2012 young-adult novel by April Henry

The Night She Disappeared is a young-adult crime / mystery novel by American author April Henry, released on March 13, 2012 through Henry Holt and Company. In June 2012, Henry announced that the film company Tempest had optioned the rights to the novel.

==Plot==
Drew works at Pete's Pizza with Kayla Cutler and receives a phone call from a customer named John Robertson. Before ordering he asks if Drew's colleague Gabie Klug, a part-time delivery girl is working. Drew doesn't answer his question. He sends Kayla out with the order; she does not return. The police are called to investigate. Gabie is blamed for her disappearance as she switched nights with Kayla so that she worked Wednesday. Witnesses say that it was a boy named Cody because he painted his white truck brown. Gabie finds out that John Robertson didn't want Kayla; he wanted Gabie.

==Reception==
The novel received positive reviews.

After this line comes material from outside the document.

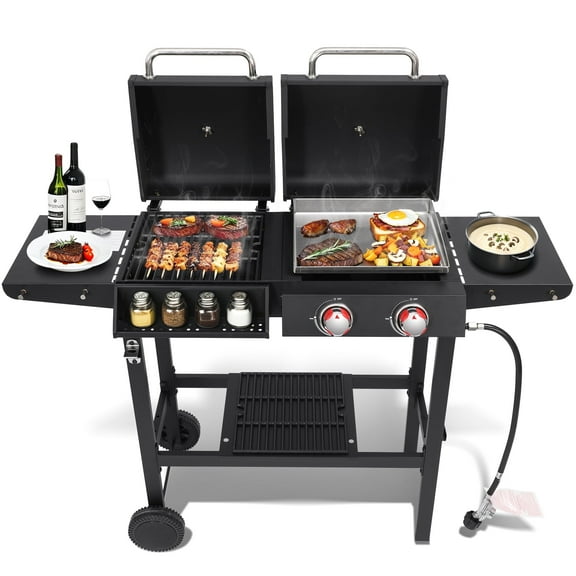 2 Burner Propane Gas & Charcoal Combo Grill with Griddle, 19100 BTU Outdoor BBQ Smoker BBQ Grill with Side Burner, Cast Iron Grates, Temperature Gauge, Cart with Wheels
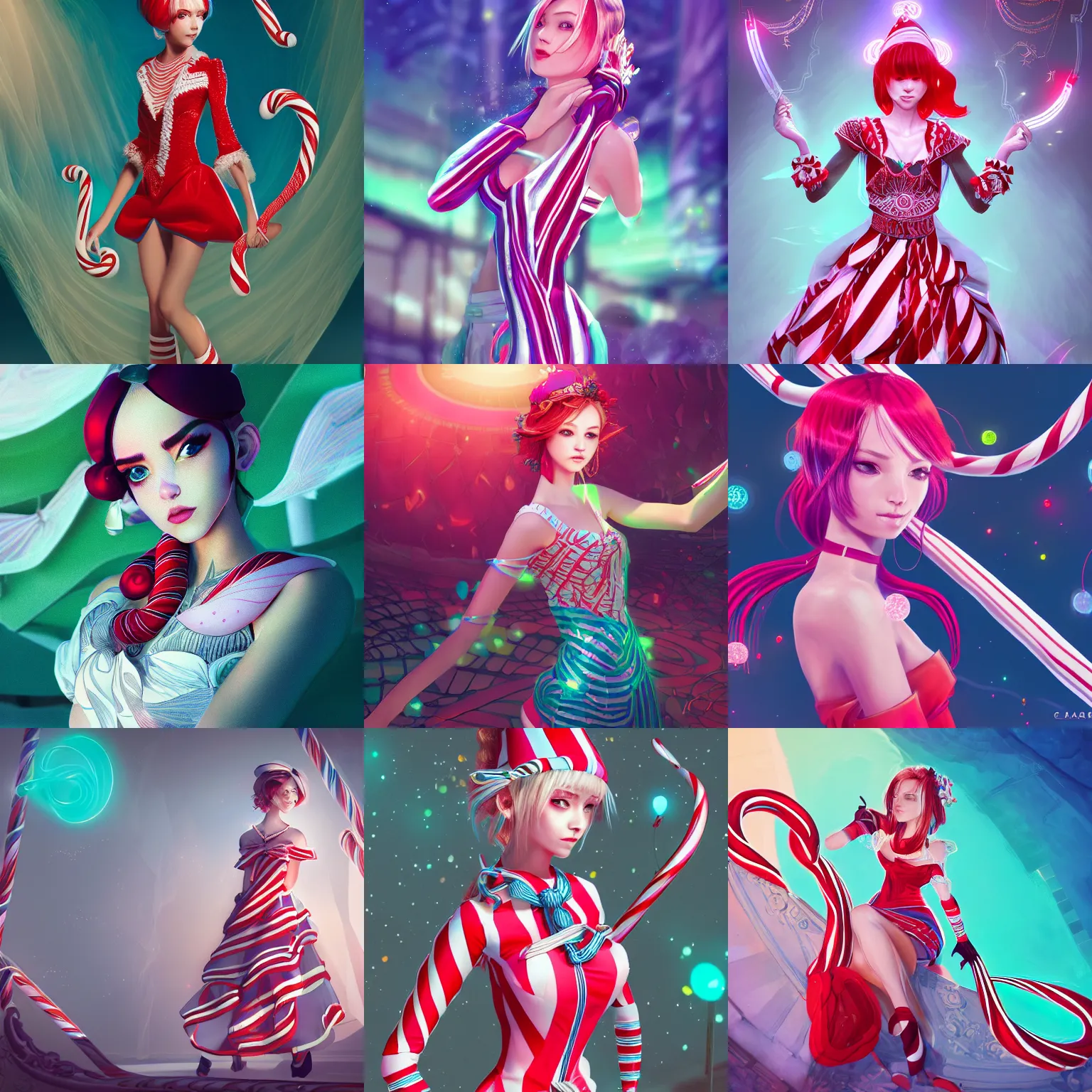 Prompt: a cranky and incredibly beautiful and elegant girl named claire who caught covid and dresses like a candy cane, intricate linework, bright colors, final fantasy, behance contest winner, vanitas, angular, altermodern, unreal engine 5 highly rendered, global illumination, radiant light, detailed and intricate environment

Wendy Schmalz, for Publishers Weekly, was particularly effusive, stating "it's a riveting story that many readers will finish in one sitting", finding that "each chapter is a surprise, and the tension builds steadily until the inevitable climactic face-off." Erin Wyatt, for VOYA magazine, found it to be a "plot-driven, page-turning thriller", stating that "Henry provides just enough detail to provide depth and complexity to the characters" and that "the suspense builds to a fever pitch near the end of the book." Traci Glass, for School Library Journal, called the novel a "fast-paced, gripping thriller" and that "fans of intense page-turners and those who liked Michele Jaffe's Rosebush or Lucy Christopher's Stolen will love this one." Tempering this a little, Glass also found that "the ending comes a little too fast and is too neatly tied up", though does find that, despite this, "Gabie is an intriguing protagonist." Kirkus Reviews offered a more critical viewpoint, stating that they found that the way the novel is written, including various police reports and interviews and varying character view-points, to "add interest and texture to what otherwise would be a straight genre tale". They found that "the police seem amazingly obtuse, Gabie's belief that Kayla is alive is given no realistic, clue-based hook and the third quarter [of the novel] has some pacing problems"; however also that "Gabie and Drew's budding relationship is believable, and it has a strong wingding climax followed by a feel-good ending"; concluding that the novel is "unexceptional but solid."